Check every line below for the word "TOYOTA" and give only the number of lines where it appears.
-------- Supplied data
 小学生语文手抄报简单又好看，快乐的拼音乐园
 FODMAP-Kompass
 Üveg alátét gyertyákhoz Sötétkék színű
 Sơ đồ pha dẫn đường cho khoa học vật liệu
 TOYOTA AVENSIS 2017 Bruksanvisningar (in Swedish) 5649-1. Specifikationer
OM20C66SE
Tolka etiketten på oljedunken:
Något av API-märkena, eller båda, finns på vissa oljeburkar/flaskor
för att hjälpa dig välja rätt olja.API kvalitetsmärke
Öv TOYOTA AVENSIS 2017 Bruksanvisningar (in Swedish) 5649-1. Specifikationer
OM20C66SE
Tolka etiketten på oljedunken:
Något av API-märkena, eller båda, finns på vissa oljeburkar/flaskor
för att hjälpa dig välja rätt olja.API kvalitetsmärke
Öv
----------------
-------- Supplied data
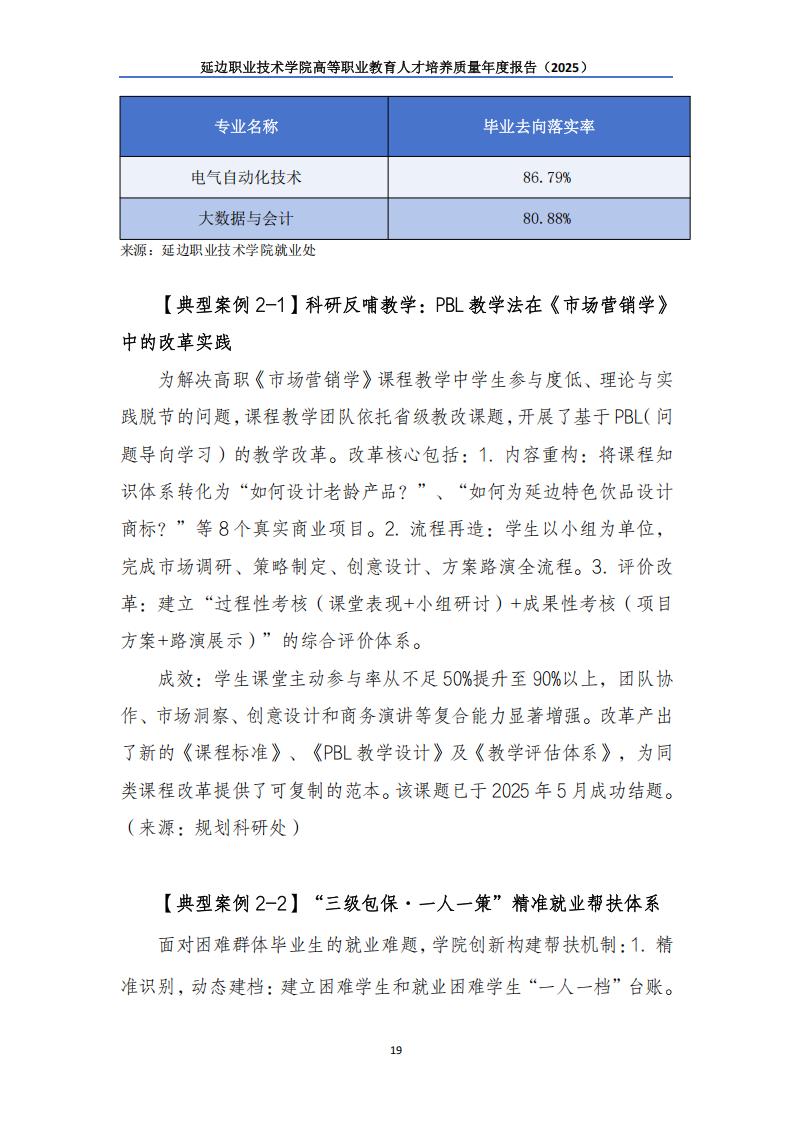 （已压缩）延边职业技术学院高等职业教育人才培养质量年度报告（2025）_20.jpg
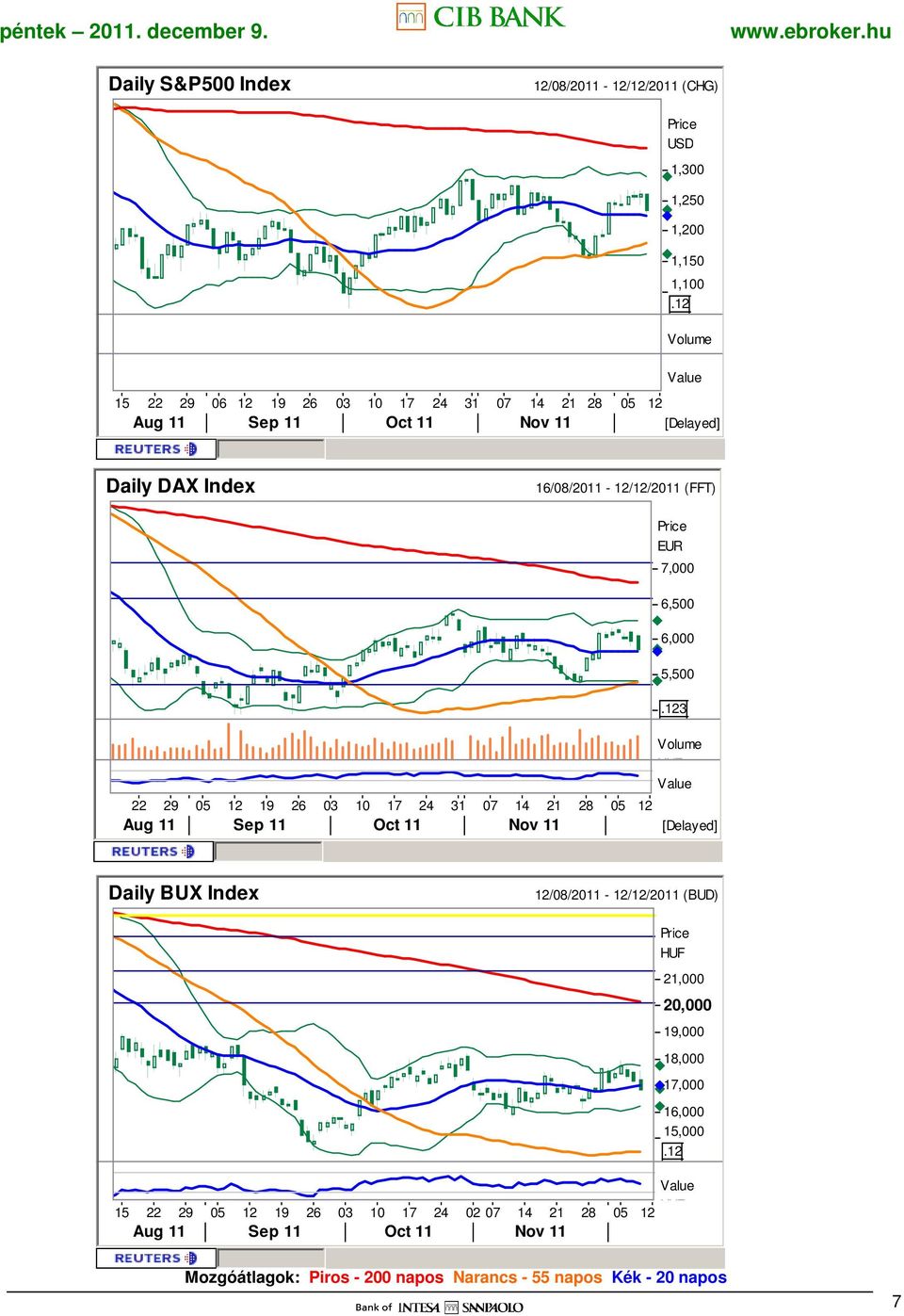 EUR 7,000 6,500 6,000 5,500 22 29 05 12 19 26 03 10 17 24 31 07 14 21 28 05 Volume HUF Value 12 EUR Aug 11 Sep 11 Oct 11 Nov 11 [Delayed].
----------------
_Response to this exercise:_
2